What’s taking place in health and welfare benefit plans mirrors the shift in employee retirement programs that began 30 years ago, from DB employer-managed pension plans to DC employee-directed 401(k)s. In many ways that movement laid the groundwork for this one. Both are built on this notion of consumerism, in which individuals have more choice but also shoulder more of the responsibility for funding and taking care of their own benefits.

The shift from pension plans to 401(k)s — which are now offered by 94% of companies — has been sweeping, but it’s taken nearly 30 years to get to this point. In contrast, I think a sweeping, technology-powered shift of the remainder of the health and welfare benefits package is going to happen in about two or three years.

The stage has already been set. Employers have been trying to rein in rising health care costs for quite a few years now, and employees have become accustomed to high-deductible health plans where they can opt to share more of the cost burden of routine care. The notion of applying a DC approach to the whole benefits package was broached a couple of years ago and the idea has gained currency as very attractive model for employers to help them cap their costs.

A new industry is born

Against this backdrop, along came the ACA mandate to provide health care coverage for everyone, suddenly making this an urgent, universal problem to solve. A new industry is already springing up to solve it: private exchanges.
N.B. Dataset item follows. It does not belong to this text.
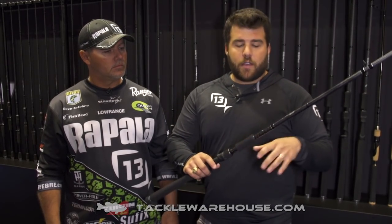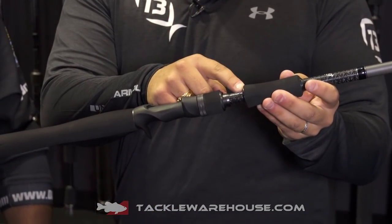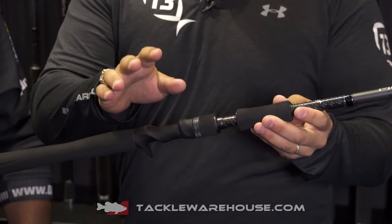And what's really cool for you guys out there throwing these big expensive swimbaits — Hinkle Shads, Roman Made Mothers, whatever they may be — we've integrated the hook keeper, and what that's going to do for you is totally eliminate the chance of that hook keeper snagging your line. So no more throwing off big expensive baits.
There is a lot of interest in private exchanges in the employer community, as well as in the insurance broker, advisory and carrier communities. A host of technology vendors are rushing to set up these exchanges, including insurance companies, Fortune 500 companies and a whole bunch of startups.

Like 401(k)s, employee benefits in general, and health care in particular, can be hard to understand, but this time around employers feel much more empowered to shift the burden of decision-making to employees because these exchanges will provide easy access to user-friendly decision support tools.

It’s an attractive proposition for employers, because besides capping costs, they can also relieve themselves of some of the work of benefits administration as selection, purchase, life changes and billing transactions are all automated through the exchange.

Employees, of course, need to prepare themselves for evaluating all these new options, but for the employee these exchanges should provide what is by now a very familiar, easy online shopping experience.

The back end of the exchange will be far more complicated, but critical to the success of the exchange, and insurance carriers, brokers and employers need to prepare to assess their needs and select the best exchange technology for their purposes.

Insurance carriers need to prepare for their products to sit on the virtual shelves of these marketplaces right next to competing products. They need to become more astute about educating consumers on the advantages of their products, and they have to be smarter about how their products are marketed and sold online.

Insurance brokers need to understand how to advise clients how to best transition to DC scenarios, how they should design plans, and which private exchange or marketplace model is best suited for each client. They’ll need to understand how DC impacts employer costs, and whether or not it’s going to work within each client’s culture.

Employers need to make sure that DC plans are managed appropriately so as to truly provide financial certainty around future costs.